Vous avez parfaitement raison de distinguer entre la taxe foncière et l'impôt sur les sociétés. D'abord, ce ne sont pas les mêmes bénéficiaires : l'un va dans les caisses de l'État, l'autre dans celles des collectivités territoriales. Autre différence : dans la plupart des cas, la taxe foncière peut être refacturée aux entreprises privées qui occupent le domaine - ce qui peut avoir un impact direct sur leur compétitivité, voire leur viabilité. L'impôt sur les sociétés dépend en effet du résultat, et donc de la stratégie d'investissement. D'ailleurs, la principale disposition envisagée pour faciliter l'adaptation est d'autoriser l'adoption d'un nouveau bilan d'ouverture qui permet de réévaluer certains actifs et donc d'augmenter les amortissements, ce qui réduit la base de calcul de l'impôt sur les sociétés.
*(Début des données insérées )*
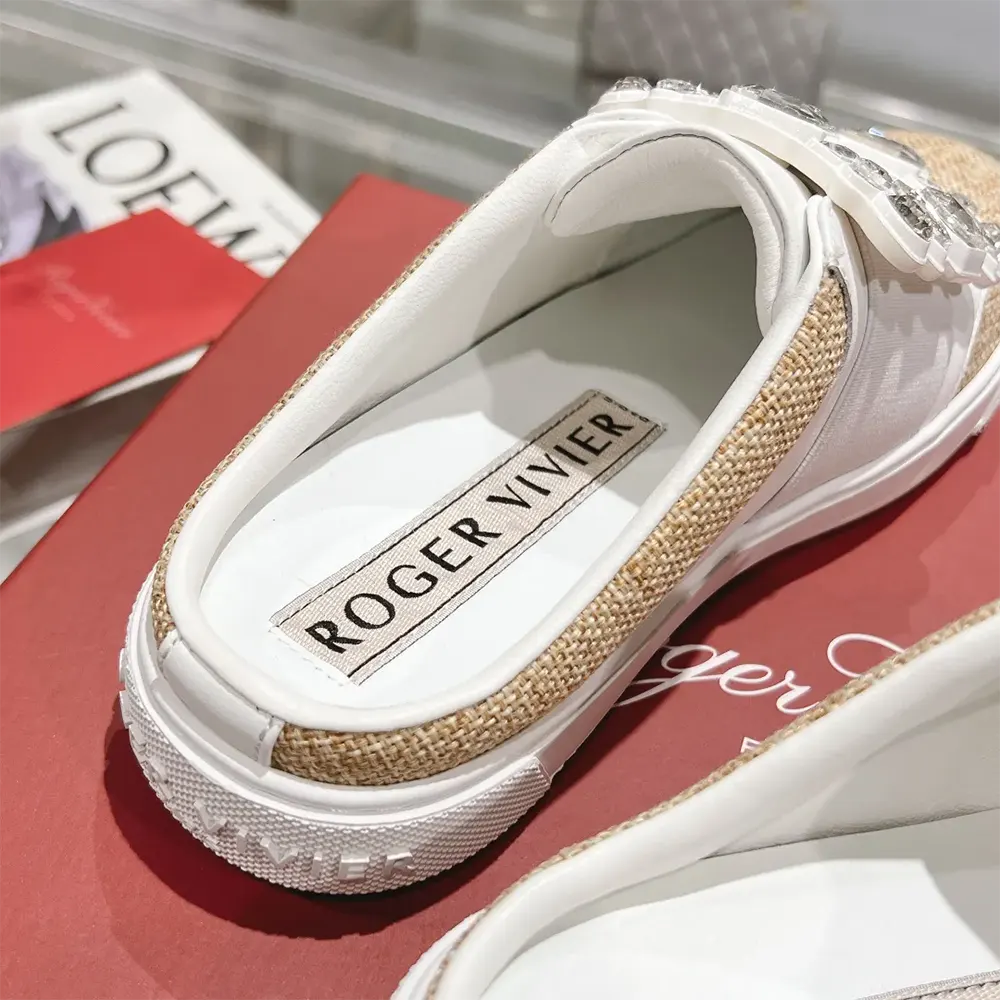 Roger Vivier Women Very Vivier Strass Buckle Mules in Leather - image 9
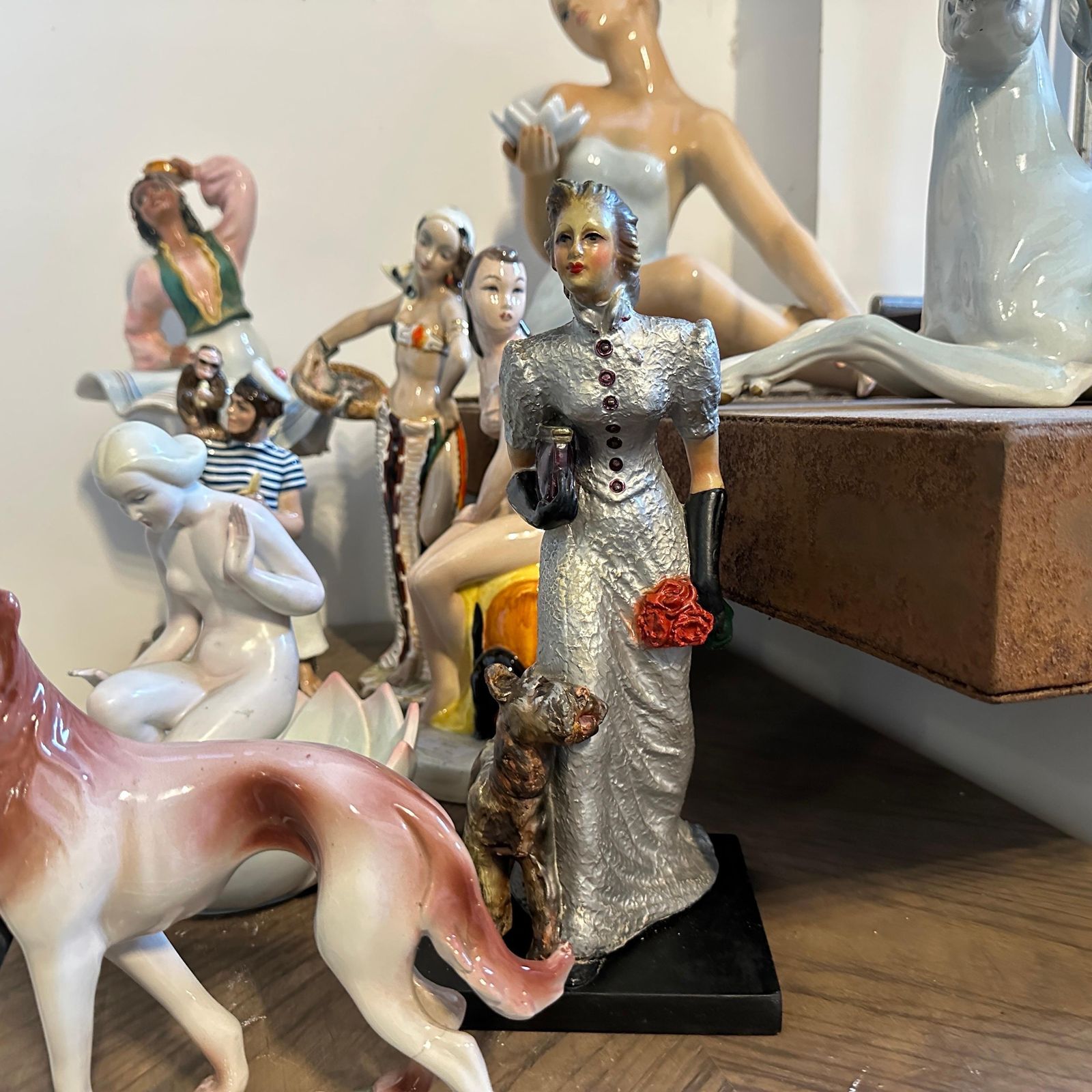 1940s Italian Ceramic Figurine By Mollica, Woman With Fox Terrier photo for sale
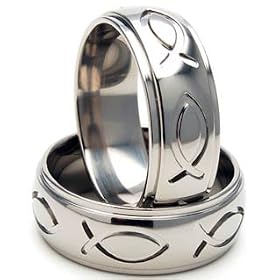 New JESUS FISH Titanium Ring, Free Jewelry Sizing 4-17!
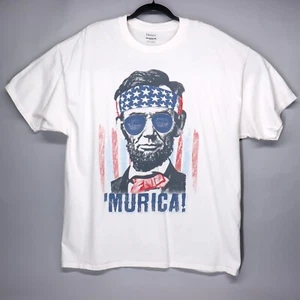 Abraham Lincoln 'MURICA! T Shirt Mens Size 2XL July 4th American Flag Abe USA - Picture 1 of 6
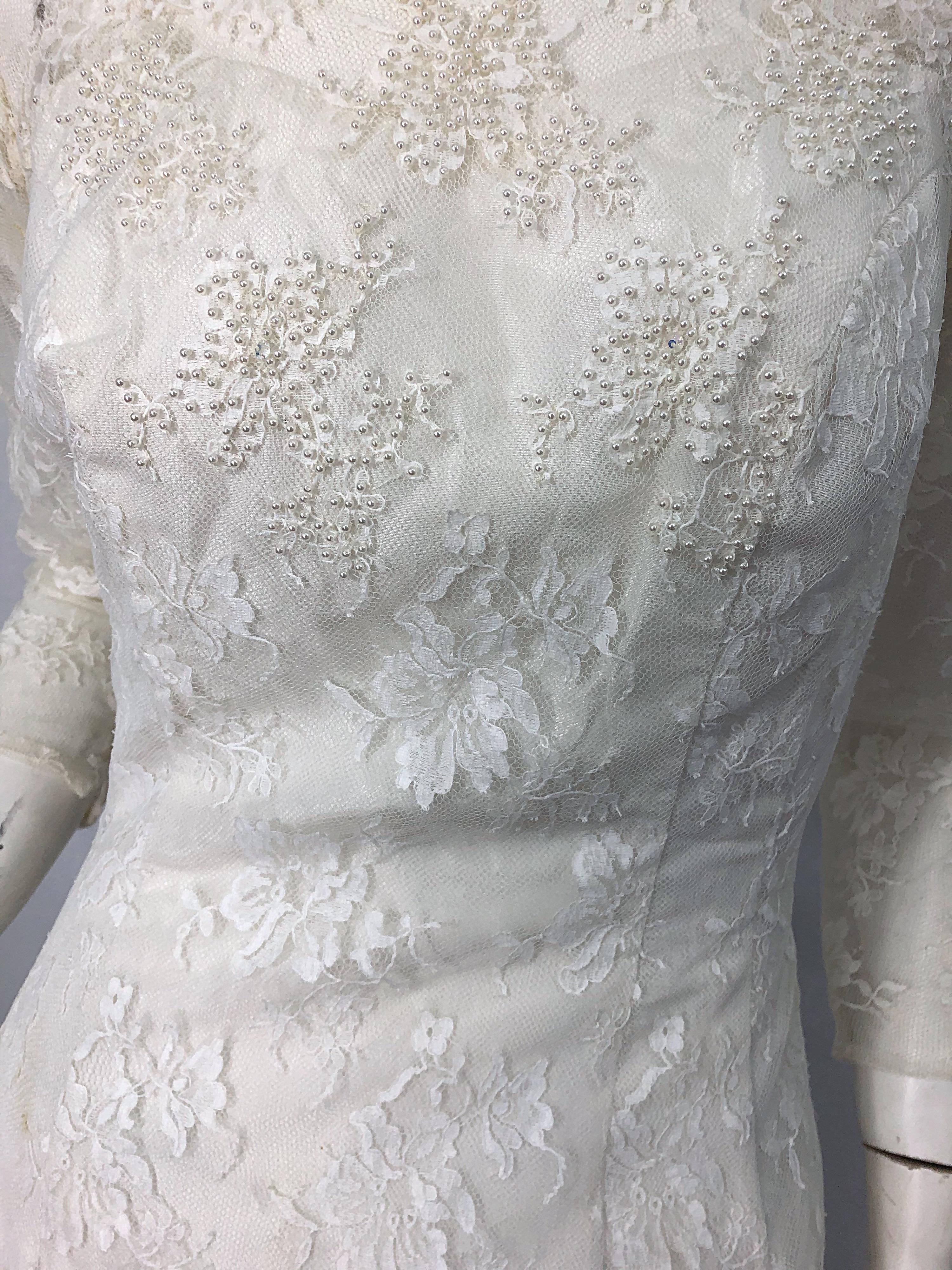 1960s An Original By Constantino White Beaded Couture Vintage Wedding Dress Gown In Excellent Condition For Sale In San Diego, CA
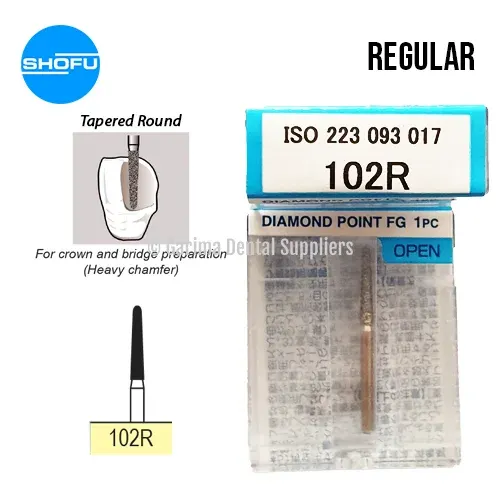 Shofu Diamond Bur FG – Tapered Round – Normal Shank, 102R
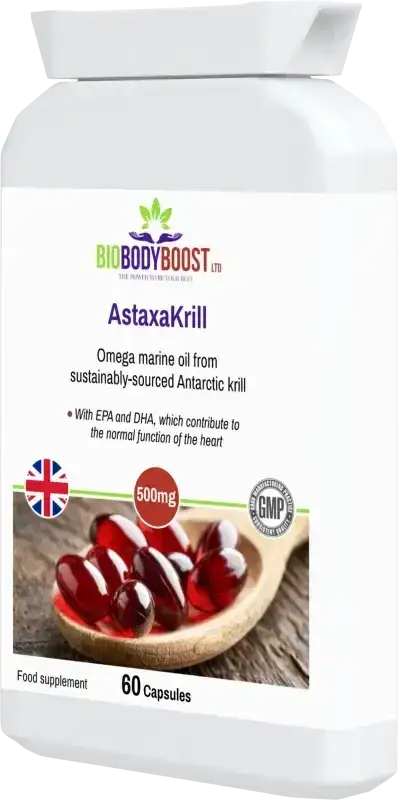 AstaxaKrill Antarctic Krill Oil Capsules | Omega & Antioxidant UK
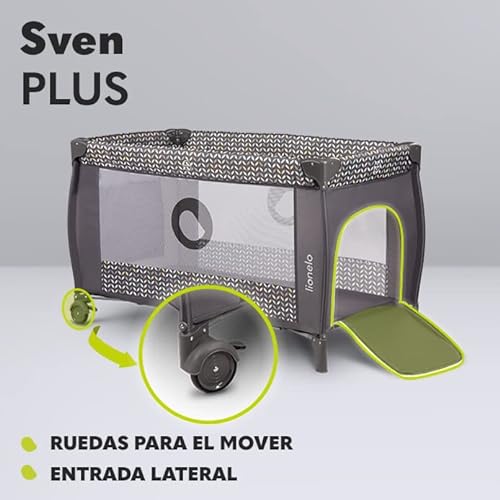 LIONELO Sven Plus 2en1 Cuna de viaje y parque de bebés 0-36M Para niños hasta 15 kg Función de cambiador Mosquitero Apertura lateral con cremallera Ajuste de altura Gris y turquesa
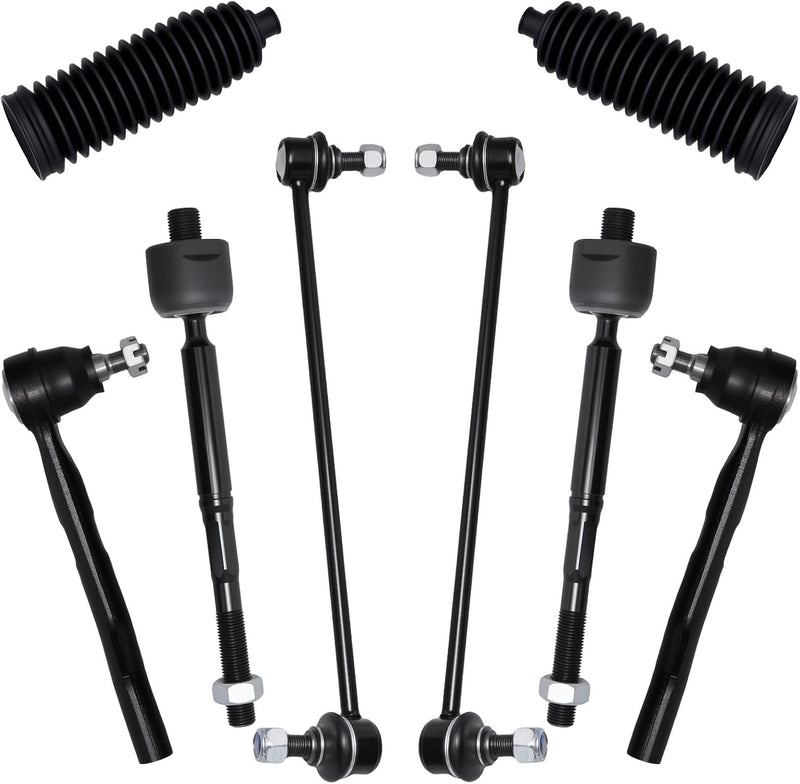 Front Tie Rod End and Sway Bar Link Kit for Honda Odyssey 2018-2025, Inner and Outer Tie Rods, Rack Boots, 8-Piece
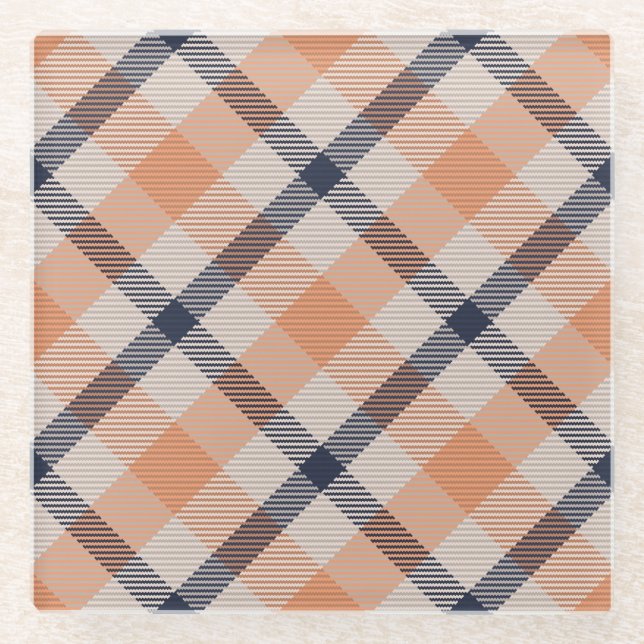 Fall plaid checkered autumn Thanksgiving Glass Coaster (Front)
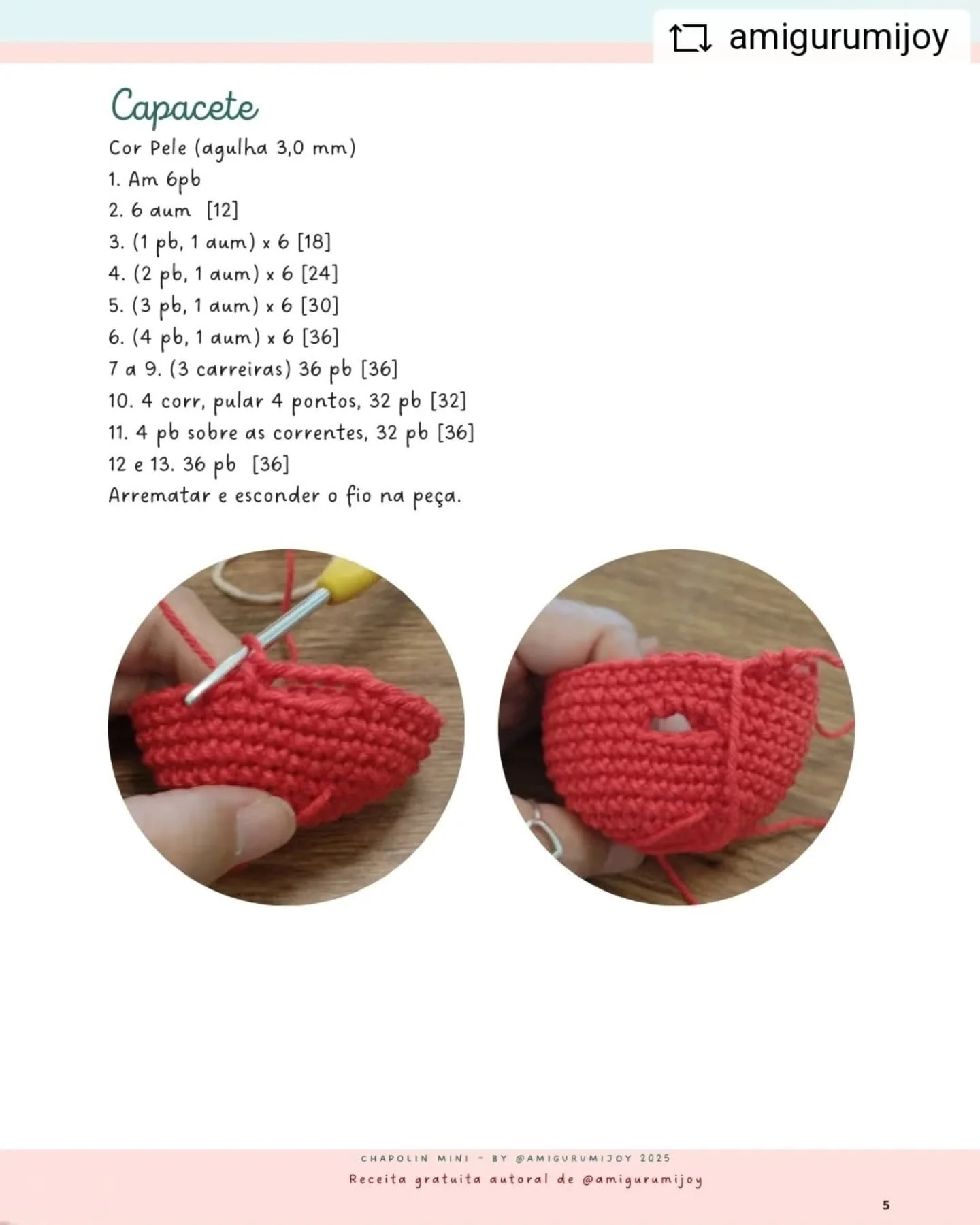 Chaveiro Chapolin Mini: Gráfico de Amigurumi Grátis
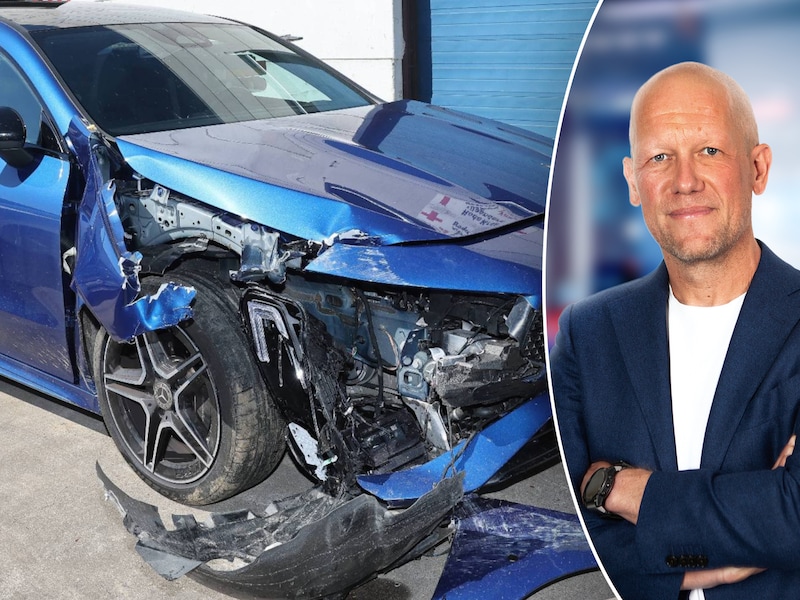 De blauwe Mercedes waar drie tieners na een lange achtervolging mee crashten in Herentals. De bestuurder van 17 haalde snelheden boven 200 kilometer per uur en was onder invloed van drugs.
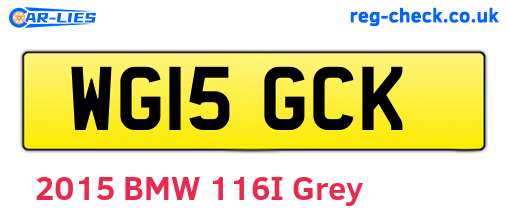 WG15GCK are the vehicle registration plates.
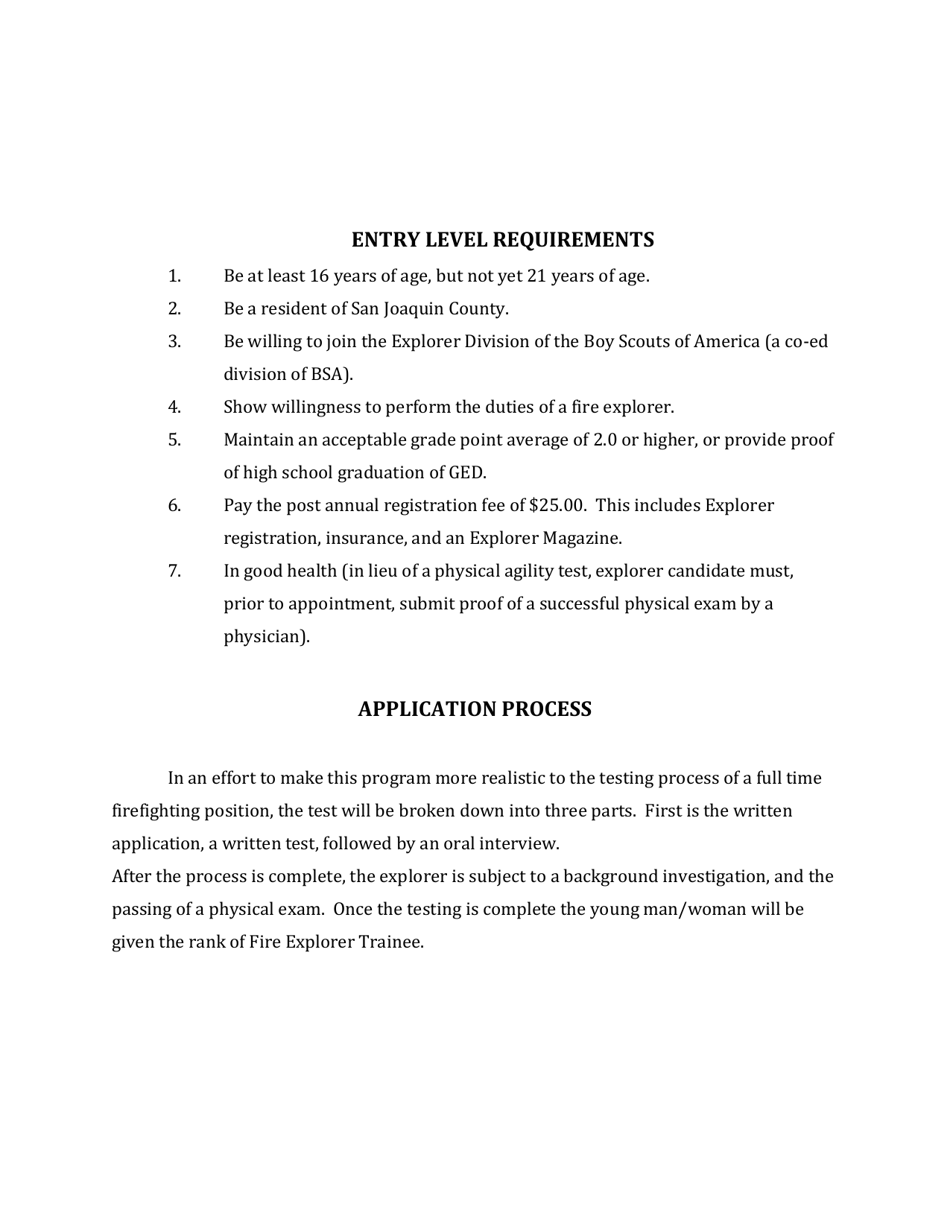 Explorer Post 24 - Interest Form - City of Manteca, California, Page 4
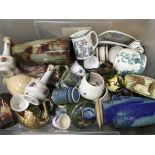 A box of mixed assorted china items including Pool
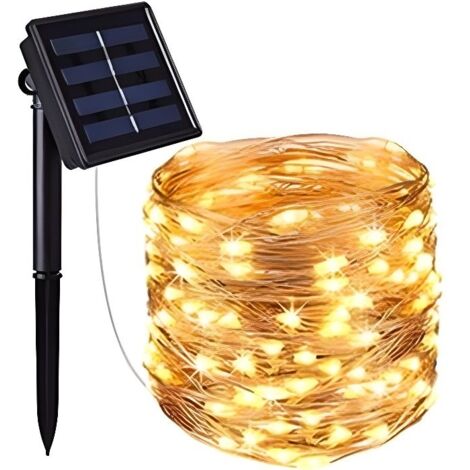 (Blanc chaud)Guirlande lumineuse - Solaire - 12M - 100 LED - Blanc chaud - Décoration extérieure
En matière de ferroviaire, l'infrastructure est une chose, mais elle ne résume pas à elle seule nos difficultés. Il y aussi le problème de l'accès au réseau et de l'attribution des sillons pour les activités de fret ferroviaire, pour lesquelles le besoin s'exprime plus tardivement que pour les transports de passagers - les marchandises ne votent pas ! Et, tant que le train est plus cher que le camion, c'est le camion qui sera utilisé. Cela renvoie à la question des aides publiques et de la tarification du réseau ferroviaire en France. Si nous ne sommes pas compétitifs, il faut investir de l'argent public pour prendre en compte les externalités : les trains polluent moins.
Oui, la compétitivité d'une place portuaire dépend de la bonne entente entre l'ensemble des acteurs privés et publics. Il y faut une alchimie, dans ce partenariat à la fois horizontal et vertical. L'autorité portuaire publique fournit des infrastructures. Le navire a besoin de quais bien construits, il a besoin d'un pilote et d'un remorqueur, de manutentionnaires... C'est le partenariat horizontal entre autorités portuaires et acteurs privés. Évidemment, chacun de ces acteurs cherche à capter un maximum de la valeur créée par le passage portuaire. Il y a aussi un partenariat de nature verticale : une autorité portuaire, dépense de l'argent public, est chargée de défendre l'intérêt général, qui n'est pas la somme des intérêts particuliers. Une application très concrète de ces réflexions se trouve à l'article 35, avec la question du pouvoir de régulation de l'autorité portuaire sur les activités qui se tiennent sur le port : trop de régulation, c'est moins de compétitivité ; pas assez de régulation, c'est un défaut de portage des politiques publiques et un manque d'efficience.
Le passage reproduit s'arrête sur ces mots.